Short descriptive text snippets:
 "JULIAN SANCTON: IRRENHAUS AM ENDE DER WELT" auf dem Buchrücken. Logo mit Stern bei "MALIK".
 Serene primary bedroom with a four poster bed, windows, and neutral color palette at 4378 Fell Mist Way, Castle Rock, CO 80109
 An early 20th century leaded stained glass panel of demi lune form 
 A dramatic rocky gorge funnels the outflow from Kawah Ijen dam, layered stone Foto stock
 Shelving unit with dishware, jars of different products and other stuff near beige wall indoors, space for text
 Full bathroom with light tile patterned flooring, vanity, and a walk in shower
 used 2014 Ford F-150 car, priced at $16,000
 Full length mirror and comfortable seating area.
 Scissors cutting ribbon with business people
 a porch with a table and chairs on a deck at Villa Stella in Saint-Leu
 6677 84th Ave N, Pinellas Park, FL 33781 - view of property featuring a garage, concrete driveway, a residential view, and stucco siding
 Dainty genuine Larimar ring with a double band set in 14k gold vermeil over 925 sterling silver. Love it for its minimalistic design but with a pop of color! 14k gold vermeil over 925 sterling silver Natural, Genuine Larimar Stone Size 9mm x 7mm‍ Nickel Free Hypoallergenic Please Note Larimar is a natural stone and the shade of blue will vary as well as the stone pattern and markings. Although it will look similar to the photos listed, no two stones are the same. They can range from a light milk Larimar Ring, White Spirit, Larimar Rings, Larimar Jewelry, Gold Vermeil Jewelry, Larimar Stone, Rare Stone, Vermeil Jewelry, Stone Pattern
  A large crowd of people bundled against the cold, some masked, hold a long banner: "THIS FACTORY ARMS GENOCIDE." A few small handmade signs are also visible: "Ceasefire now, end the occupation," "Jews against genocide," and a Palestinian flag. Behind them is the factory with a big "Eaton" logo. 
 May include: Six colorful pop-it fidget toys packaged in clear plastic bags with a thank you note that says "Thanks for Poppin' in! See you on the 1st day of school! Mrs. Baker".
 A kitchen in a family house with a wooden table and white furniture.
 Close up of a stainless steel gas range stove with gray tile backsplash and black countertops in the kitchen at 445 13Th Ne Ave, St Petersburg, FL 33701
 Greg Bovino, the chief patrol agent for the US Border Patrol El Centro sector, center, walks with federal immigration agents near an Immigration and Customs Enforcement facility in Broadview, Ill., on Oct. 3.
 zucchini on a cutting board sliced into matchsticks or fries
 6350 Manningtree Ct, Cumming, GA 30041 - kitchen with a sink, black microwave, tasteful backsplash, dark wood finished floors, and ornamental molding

_WHAT YOU WILL DO_. List every line in the records above that contains the word "Full".

_ANSWER TO THIS EXERCISE_.
 Full bathroom with light tile patterned flooring, vanity, and a walk in shower
 Full length mirror and comfortable seating area.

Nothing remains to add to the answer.